だから、まったくヲタク気質がないにも関わらず、艦これを好む友人とも仲が良いし、光がやり込んでいるゲームもとりあえず一緒にやってみる。

フットワークが軽く、偏見が少ない。
新しい世界に飛び込んでみる姿勢。

ゲームがうまくないのに何度も挑戦するのは、

宏嵩にとっての
「勝利を重ね、一番を目指す楽しさ」や

光の
「一つのことをやり込んで極める楽しさ」
ともまた違う価値観からくるものと予想する。

尚哉にとってのゲームは、
「他人との結びつきを強めるもの」
なのではないだろうか。

その場にいる、自分の好きな人たちと笑いあえる時間を作るためのツールなのだ。

だから、宏嵩にとってのゲームは
「ルーキーと下手くそは地雷」
だし、

尚哉にとってのゲームは
「やっぱり、一緒にやると楽しいね」
なのだ。

尚哉は、自分と宏嵩、両者の違いを知り、宏嵩を尊重しつつも

「でも、誰かといるのも楽しいよ」
「1人になっちゃうと寂しいよ」

と、ずっと目をかけてきたのである。

ちなみに、尚哉のこういう性質は、すべての人へボランティア的に発揮されるものではないことも付け加えたい。

宏嵩や、光といった
「自分にとって大事な人だから提案すること」
であり、
尚哉にとっても区別があり、魅力を感じる人物や価値を感じる人間関係へ発揮されるものだと思う。

尚哉の中にも優先順位があるし、誰彼構わず助けてあげるヒーローではないのだ。

(ここからは個人的な妄想になるが、
1人になっちゃうと寂しいのは、実は尚哉自身なのかもしれない。

宏嵩と一緒に遊んで欲しかった、子供の頃の自分を、成海と疎遠になり、ひとりゲームにのめり込んでいく宏嵩に重ねていたのかもしれない。)

◾︎宏嵩にとっての尚哉

尚哉と成海は、フットワークの軽さや楽しそうなことにどんどん飛び込んでいく姿勢が非常に似ている。

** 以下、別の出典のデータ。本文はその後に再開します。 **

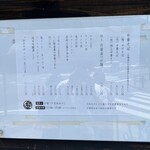 自家製麺 くろ松 - 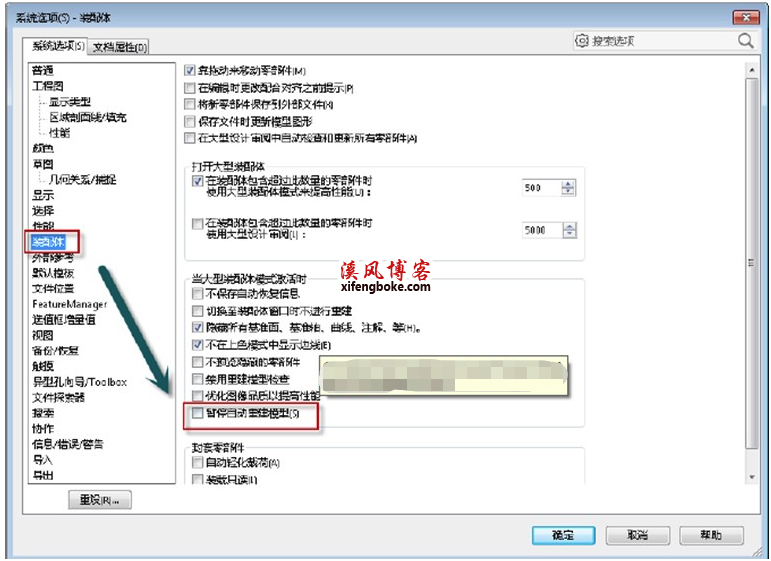 sw复制零件后怎么断开连接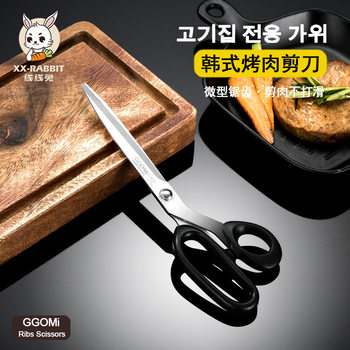 Thickened Korean Stainless Steel Barbecue Scissors for Home Kitchen Commercial Barbecue Barbecue Special Steak Scissors Clip Set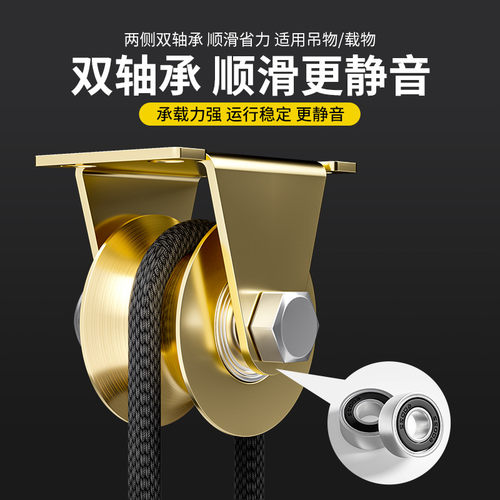 滑轮轨道轴承v型u凹槽轮推拉大门地小轮子重型角铁导向定滑轮吊轮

そして、宏嵩のことを知り、理解し、受容し、尊重もしている。

では、なぜ宏嵩は尚哉を一見雑に扱い
、成海に好意を抱くのか?

色んな理由が考えられるが、ここではひとつの仮説として
「宏嵩の成海への恋慕と嫉妬」を挙げたいと思う。

宏嵩にとっての成海は、ともすれば両親よりも自分のことをわかってくれる人物だ。
成海といる時間は楽しいのだろう。

では、“ 成海と一緒にいる空間に ”尚哉もいるとどうなるか?

それは、宏嵩にとっての不利益になり得るのだ。

子供時代では、
普段の生活と同じように、尚哉の世話を焼けばお兄ちゃんやってるーと茶化され、

大人になってからも、尚ちゃん天使〜ともてはやされ、自分を見てもらえなくなる。

宏嵩にとっては、成海といる時の尚哉は
「成海の前でカッコつかなくなる相手」
であり、
「自分と成海の時間をジャマする奴」
なのだ。
嫉妬の対象なのだ。

これはもちろん、あくまで成海が出てくるとこうなるという話である。

尚哉は宏嵩にとって家族であり自分のことを理解しながらつきあってくれる数少ない人間だから、宏嵩なりの情はかけていると思う。

あくまで恋愛における場面で、宏嵩の目線から尚哉を見たとき、このような感情の揺らぎが起きてしまうのではないか、と考えている。

(あと、身も蓋もないが尚哉が男で成海が女だからというのもあると思う。)

◾︎宏嵩と尚哉の共通点

「ぜんぜん違うよね」「似てないよね」
と言われる2人だが、掘り下げていくと、似ている部分がある。

それは、いい意味で
“周りの目を気にしない”ところだ。

団欒を目的とした社員旅行の帰りで
「一刻も早く帰って据え置きゲームがやりたい」
と言い切ったり、

学生で賑わう昼の学食で
「きみと友達になりたいんだ!」
とか恥ずかしげもなく言っちゃったり。

宏嵩の“気にしない”は、自分のやりたいこと、楽しさを追求した結果学んだ処世術であり、

尚哉の“気にしない”は、周囲からは気難しく見えてしまう兄・宏嵩と関わる経験の中で手に入れた能力だ。

今回は、尚哉に焦点を絞る。

尚哉の“気にしない”は、対女性にも大いに発揮されている。

そもそも、なぜ
「人当たりはいいがいつもいい人止まりになる」
になるのだろうか?

それは、原作に描かれている尚哉と女性の関わり方で読み解くことができる。

幼少期から成海と遊び、可愛がられ、女性に対する怯えや抵抗感が全くない。

だからこそ、成海を意識し始めていた宏嵩よりも気軽にスキンシップをすることができていた。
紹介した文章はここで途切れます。